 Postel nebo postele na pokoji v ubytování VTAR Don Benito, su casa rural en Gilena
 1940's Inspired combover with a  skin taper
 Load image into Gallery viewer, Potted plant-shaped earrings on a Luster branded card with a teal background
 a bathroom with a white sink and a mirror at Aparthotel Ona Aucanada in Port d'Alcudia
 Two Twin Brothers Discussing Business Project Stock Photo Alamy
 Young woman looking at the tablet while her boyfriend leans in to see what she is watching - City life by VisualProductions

==

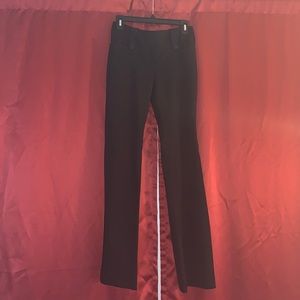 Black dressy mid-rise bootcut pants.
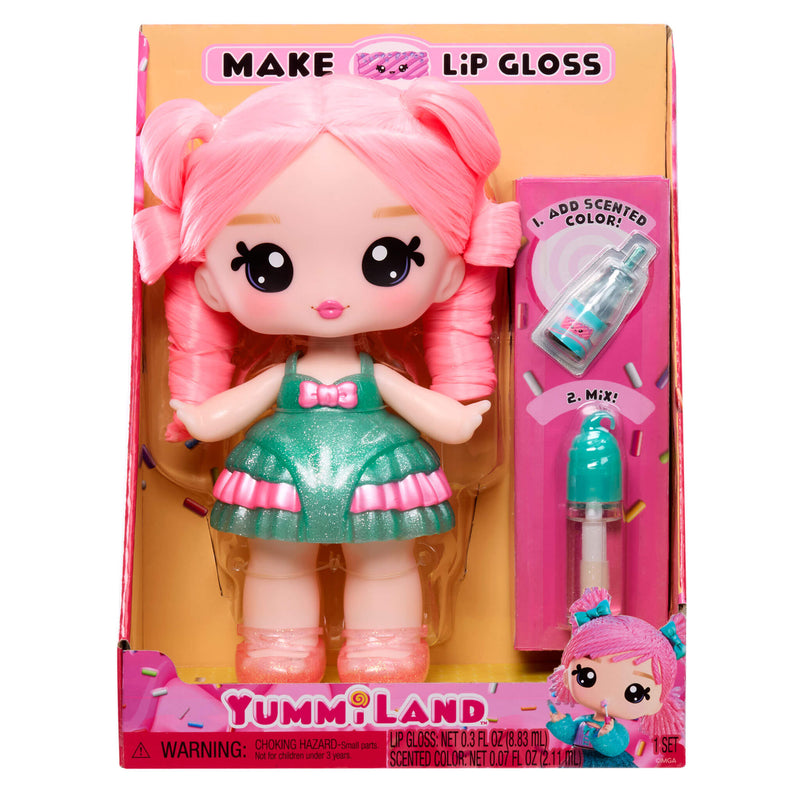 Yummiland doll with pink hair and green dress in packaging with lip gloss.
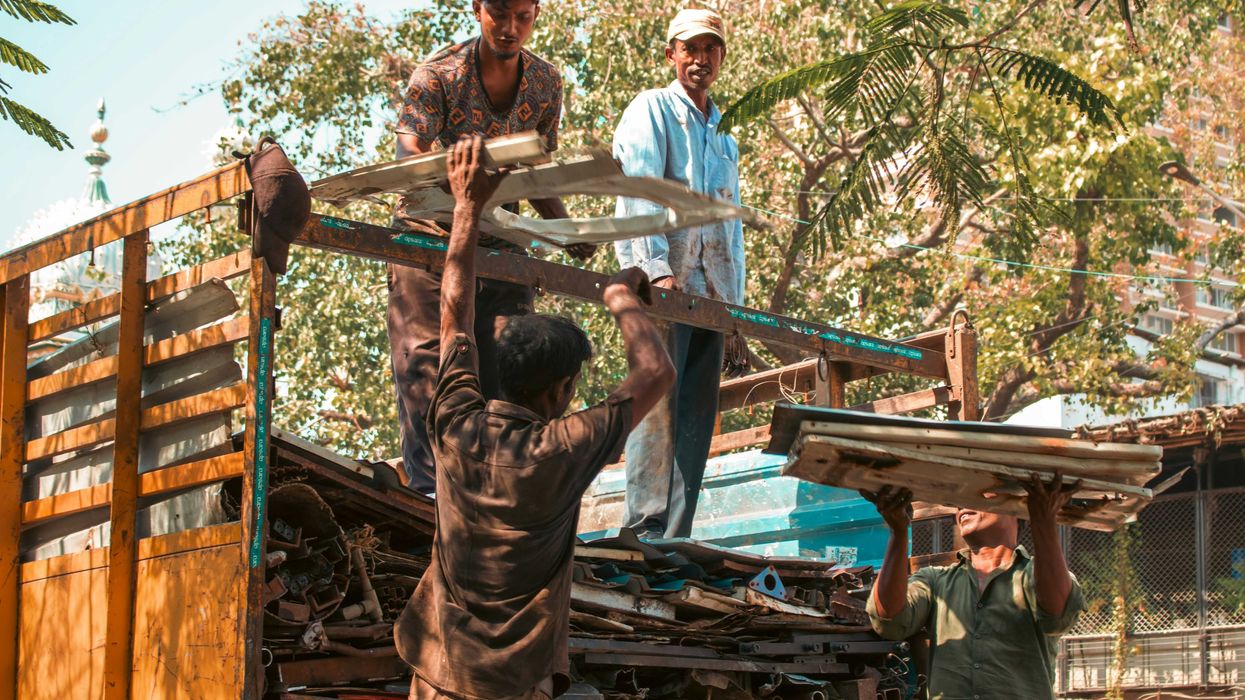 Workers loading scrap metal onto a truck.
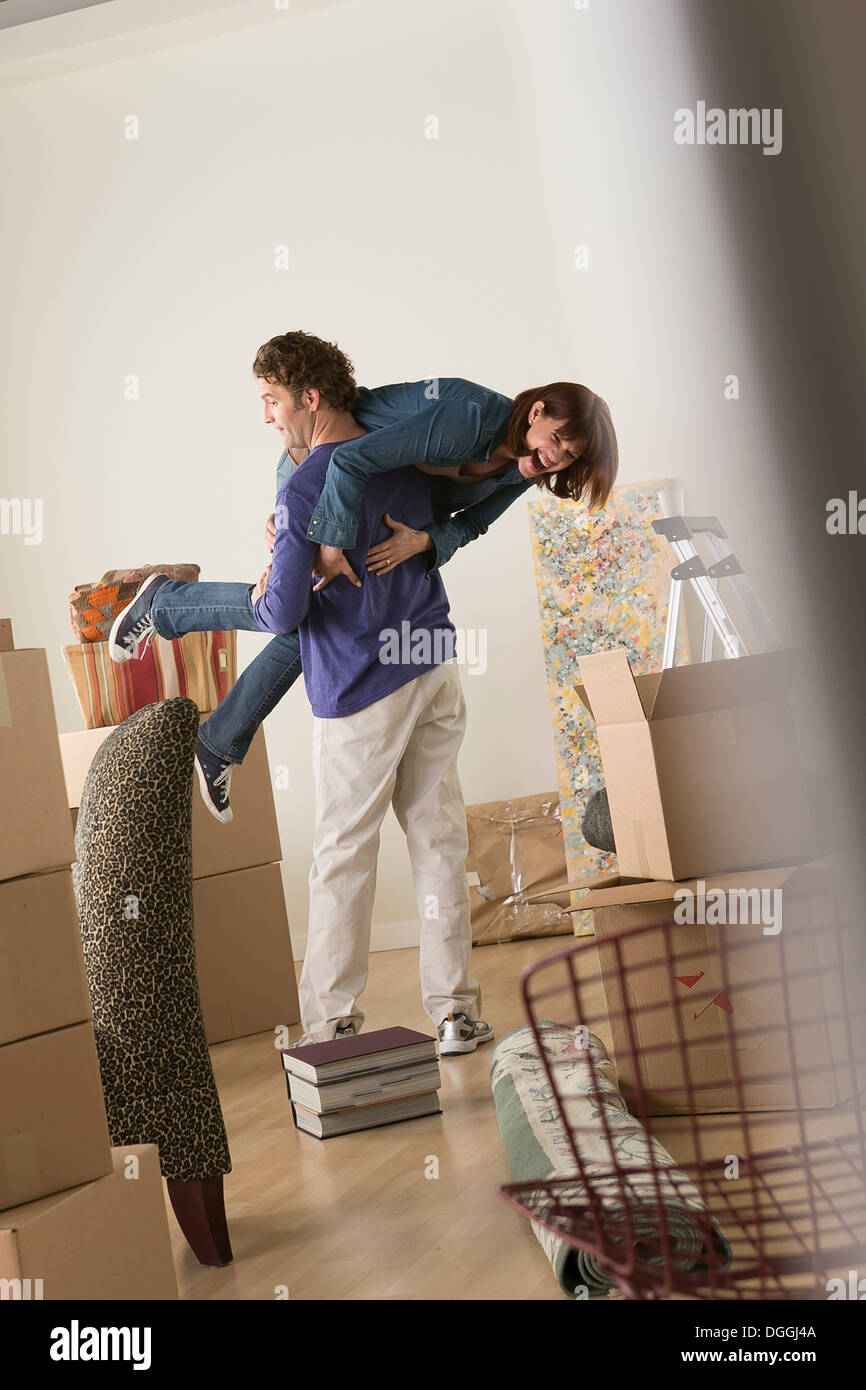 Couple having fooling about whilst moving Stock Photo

---

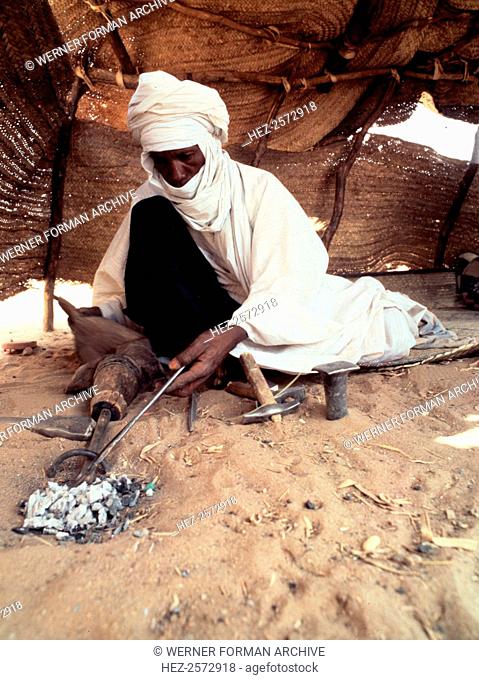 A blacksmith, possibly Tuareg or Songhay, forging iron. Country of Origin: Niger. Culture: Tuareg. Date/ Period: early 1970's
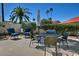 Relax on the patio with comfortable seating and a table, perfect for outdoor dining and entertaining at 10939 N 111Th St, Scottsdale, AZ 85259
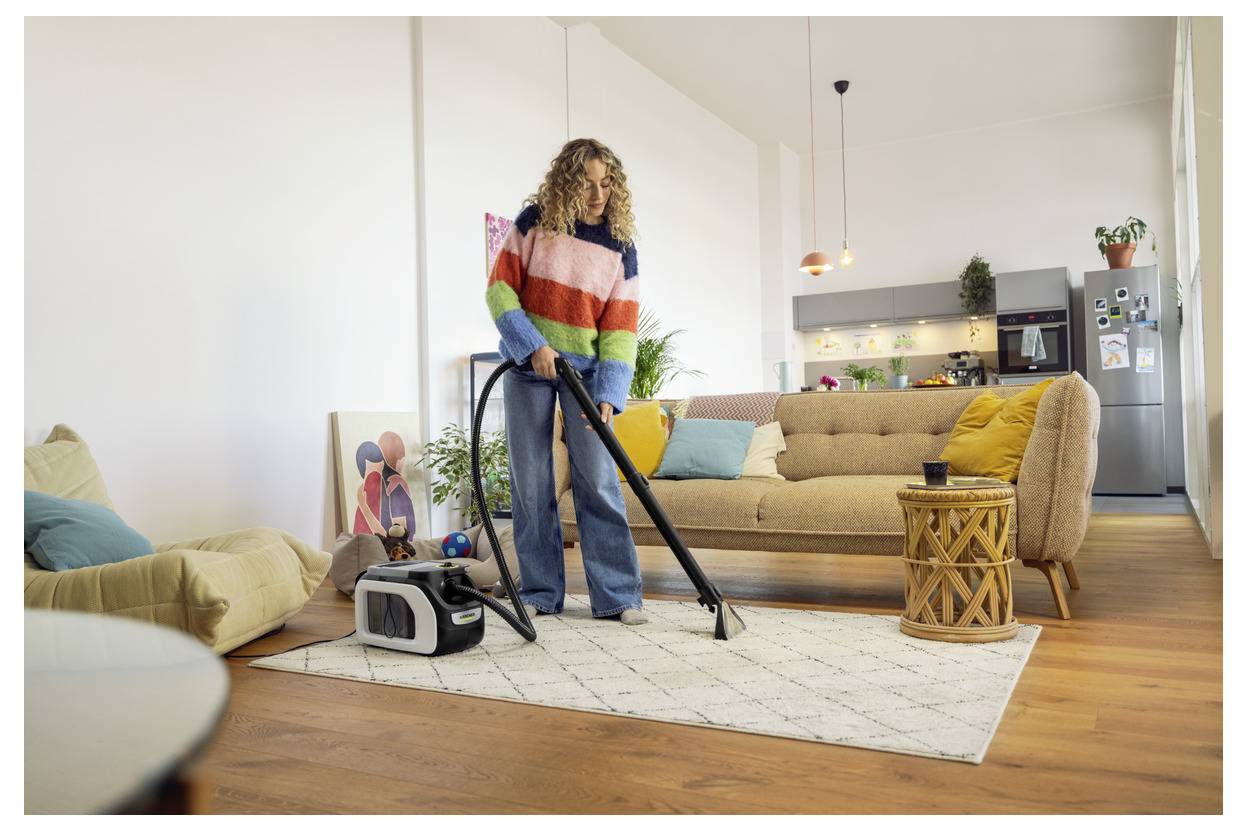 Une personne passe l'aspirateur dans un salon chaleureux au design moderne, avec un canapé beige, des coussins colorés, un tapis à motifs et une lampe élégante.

Task requirements: Repeat the entries above verbatim, but only from the line that has "Load image into" down to the line that has "Young woman looking", inclusive.

Result for this exercise:
 Load image into Gallery viewer, Potted plant-shaped earrings on a Luster branded card with a teal background
 a bathroom with a white sink and a mirror at Aparthotel Ona Aucanada in Port d'Alcudia
 Two Twin Brothers Discussing Business Project Stock Photo Alamy
 Young woman looking at the tablet while her boyfriend leans in to see what she is watching - City life by VisualProductions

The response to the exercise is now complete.